Nicolson and Sprong have known each other since studying industrial design together some five years ago. They were inspired to start a company when they realized they shared a belief that design is about “thinking” and “things” — the origin of their name. Although Velokhaya is their first social design client, they hope it will lead to more.
Handed the conservative budget of ZAR50,000 ($7,268) by Safmarine, Thingking began by covering one of the building’s walls with a giant mural brandishing big bold letters contrasted with brightly colored Afrocentric patterns. The mural was designed by Spanish street artists Boa Mistura, who were in Cape Town on a residency. Boa Mistura and Thingking executed the painting over two days in March with about 40 community volunteers.

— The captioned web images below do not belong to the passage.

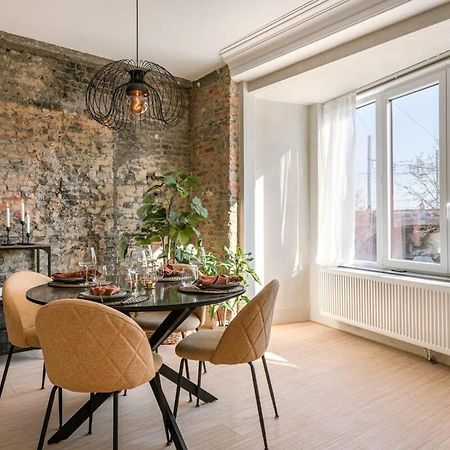 Huswell - Industrial Apartment With Terrace In แอนต์เวิร์ป ภายนอก รูปภาพ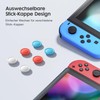 LONGYI GuliKit TMR Joysticks Ersatz für JoyCon(No Drift), Linker/Rechter Joystick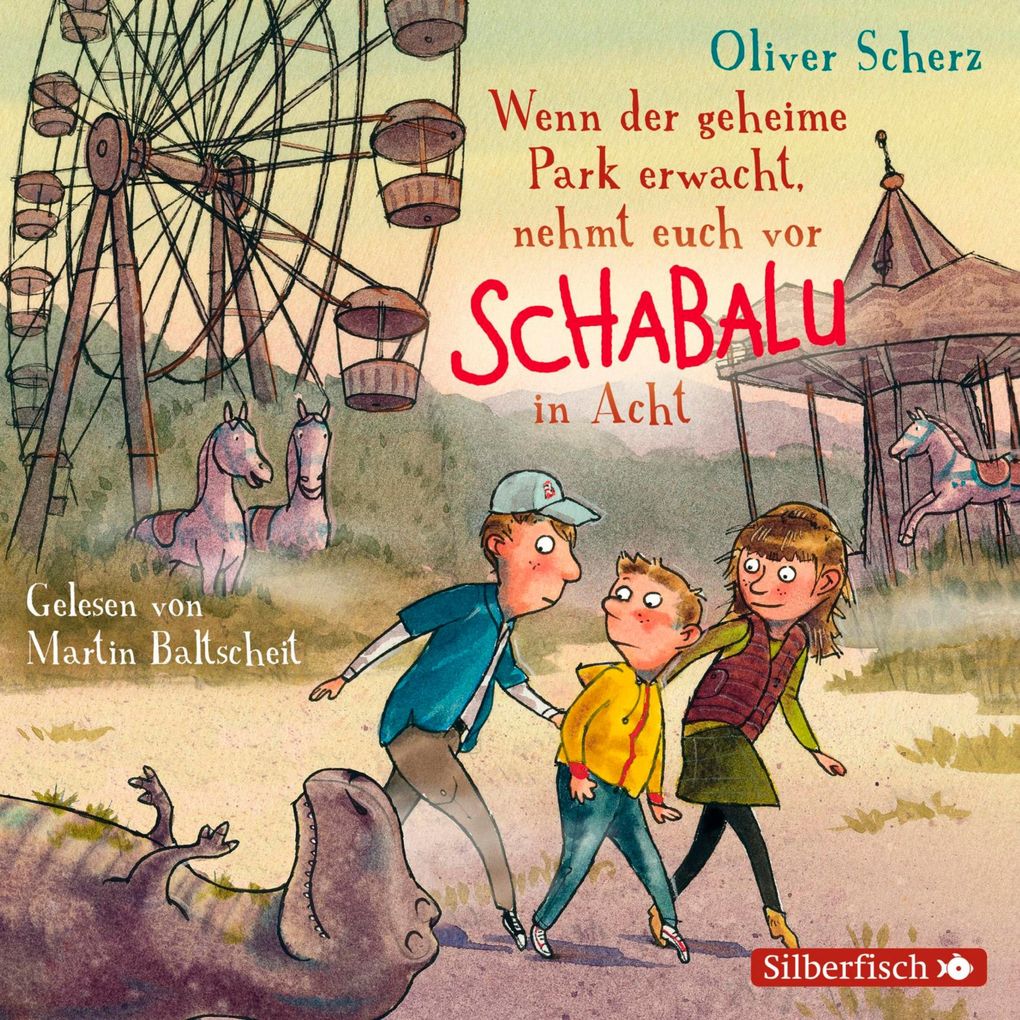 Wenn der geheime Park erwacht nehmt euch vor Schabalu in Acht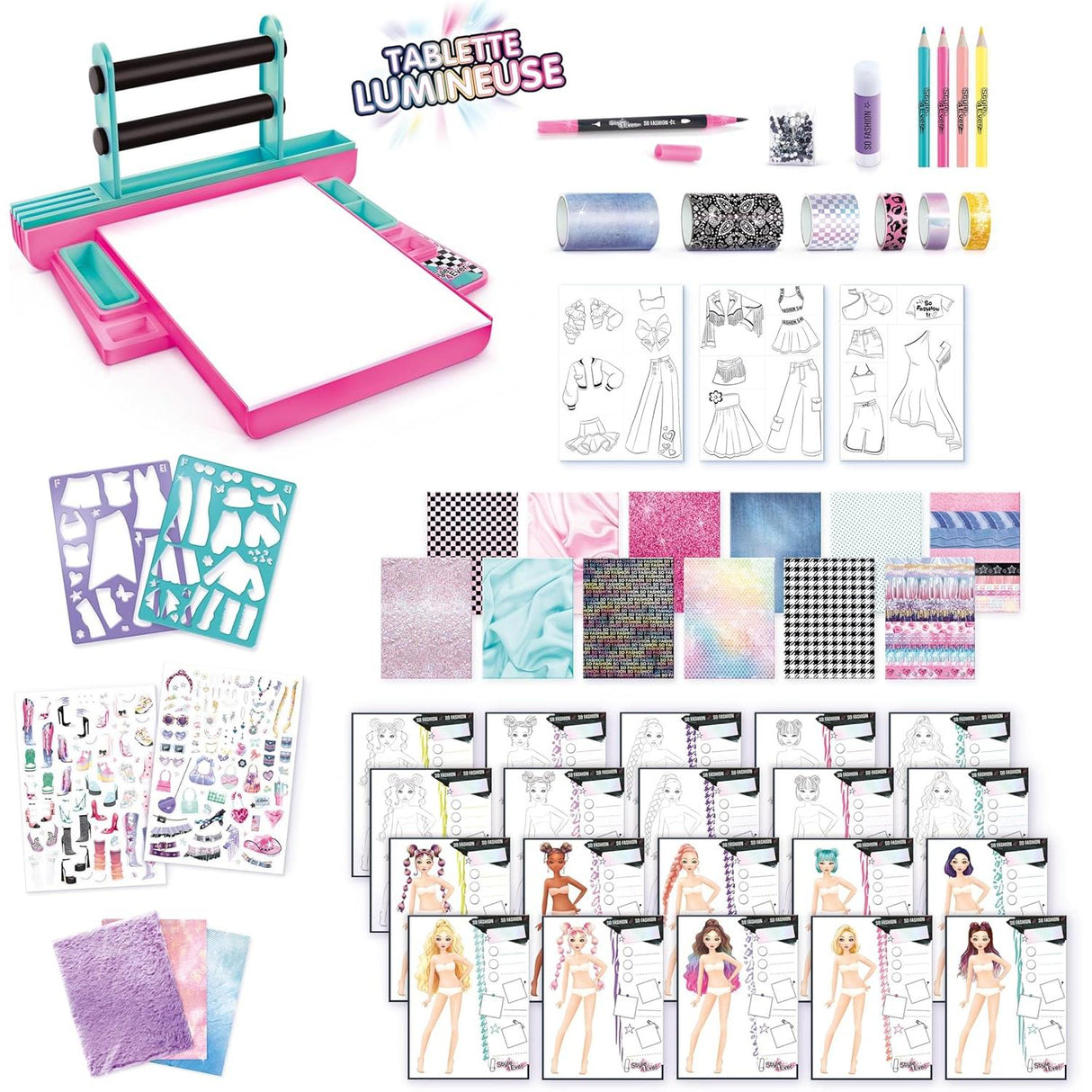 Style 4 Ever Fashion Designer Light-Up Studio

When Nicolson and Sprong returned a week later, they discovered that the Velokhaya team had painted the entire clubhouse inside and out. On their next visit, they found that the taps had been fixed. Then they returned to a patched roof. “There was a massive change in terms of the ownership, the pride and the empowerment that happened through us just being here and implementing things,” Nicolson says.
Thingking next focused on upgrading the clubhouse to better support cyclists while also creating a community space. The firm supervised the design and construction of barbecue grills known as barrel braais for large community events. A gas-catering unit was purchased to compensate for the township’s lack of electricity. Cheap seating was made by adding re-used steel legs to eucalyptus logs to create three-person benches.
All of these solutions were designed with an eye to showing residents how simply they could be done onsite, Nicolson explained. Every component was sourced from a hardware store. In the clubhouse, plastic crates were used for drawers, while in the changing room, wooden-lidded buckets doubled as seats and storage facilities. A rope strung with wooden blocks provides a helmet-hanging solution that does not put too much strain on the structurally weak dry walls. An outdoor misting system was made from a standard-issue hose pipe. "Wish" fence with wings blowing in the wind.
As a finishing touch, Thingking used milk cartons and cable ties to create windmills to adorn the surrounding fence. Community members write wishes on the plastic “wings,” which are then attached to the fence and blow in the wind. One such wish is already coming true: the 12-year-old Anita Zenani will be participating in the BMX World Championships in Denmark at the end of July. The first time a Velokhaya team member has been seeded internationally, this will be only the second time Zenani has been outside of Cape Town, following her BMX World Championships debut last year in Pietermaritzburg, South Africa.